Checkout URL segments explained: git://<Azure DevOps Project Name>/<Git repo name>@<Branch>
Job: Validation_Step_PR
In this job the pipeline downloads the published artifacts. After that the validation step comes into play. I use the built-in Azure CLI validation tool to validate the Bicep template. Add the AzureCLI@2
task and set the scriptLocation
property to inlineScript
. You can also use a value scriptPath
to refer to a file instead of inline.
The inlineScript
runs an Azure CLI command az deployment group validate
with the following properties:
resource-group
→ rg-we-prod-validationtemplate-file
→ path to virtualNetwork.bicepparameters
→ path to virtualNetwork.parameters.bicep
This is everything you need to create to validate our Bicep using a pipeline. Commit and push the YAML file and create the pipeline. I named mine BicepTemplateValidation.

Next you need to set up a build validation policy
so the pipeline triggers on every pull request.
Branch policy
A branch policy protects important branches. You want to protect the main branch and enforce a validation pipeline run before merging any feature branches. To set a branch policy you must be a member of the Project Administrator group or you need edit policy permissions.
Under Repos go to Branches. On this screen you see all active branches. Hover over the main branch (or over another default branch) to see the ellipsis (“three dots”) on the right, click on these and go to Branch policies.

On the Branch policies screen add the following setting by pressing the “+” button:
- Build validation

Refer to the validation pipeline you created. Set the build expiration to “immediately” so the pipeline always triggers on new pushes to the pull request, also after the pull request has been created. Also the trigger is set to automatic so the pipeline always runs a pull request is created.

Pull request
Let’s merge the location parameter changes from the feature branch to the main branch using a pull request and see what happens with the pipeline.

You can see the build validation policy is being enforced. The validator pipeline runs when the pull request is created or when new changes are pushed in the pull request.
Pipeline result
If you look at the pipeline output you see the added parameter parLocation
in our validation. This is the change we made in the feature branch, which is being validated in the pull request.

In the overview of the pull request it shows that the automated validation pipeline has run successfully and the PR is now able to be completed and merged to main.
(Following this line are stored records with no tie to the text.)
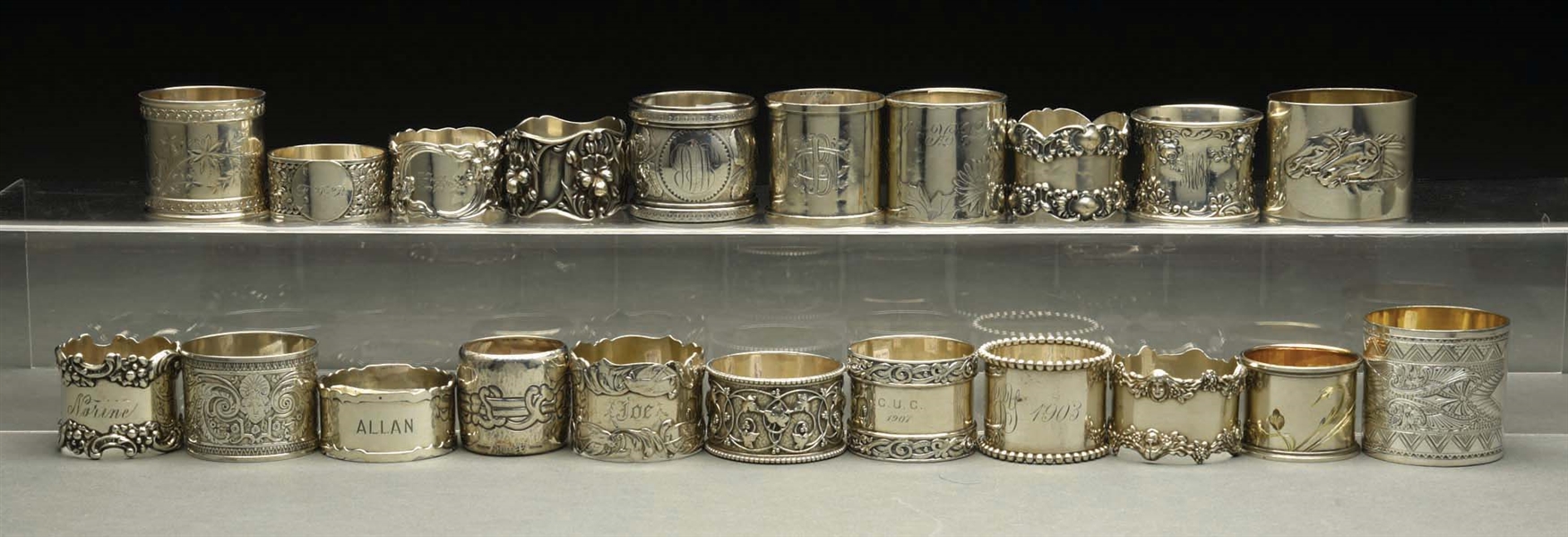 LOT OF 21: STERLING SILVER NAPKIN RINGS. 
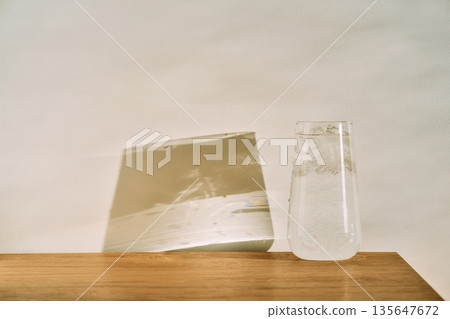 Glass of water with ice getting cool 135647672
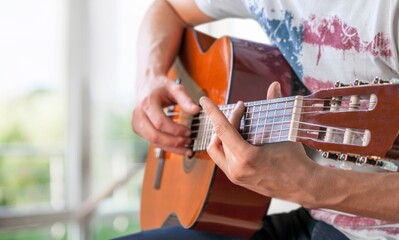 Canvas Print - Lifestyle concept. Young musician playing guitar in the living room at home on this weekend.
Let’s take a look at what happens if you make a typo in a parameter. For example, you make a typo in the CIDR notations of the subnet address. Instead of assigning a CIDR-block of /24
I assigned a CIDR-block of /245
.
Make a new commit and push it to the pull request. It reruns the validator pipeline and validates the newly made changes. In the overview it shows that the validation has failed, which means that the mistake has been automatically detected.


Conclusion
This is one way to validate your Bicep template and parameter files. I like this way of validation because when you work with large and complex Bicep files small errors like typos will be picked up automatically. This allows the reviewers to focus on other things in the pull request.
You can extend the YAML file to support multiple Bicep validations using a loop or do checkouts based on your Git repository structure.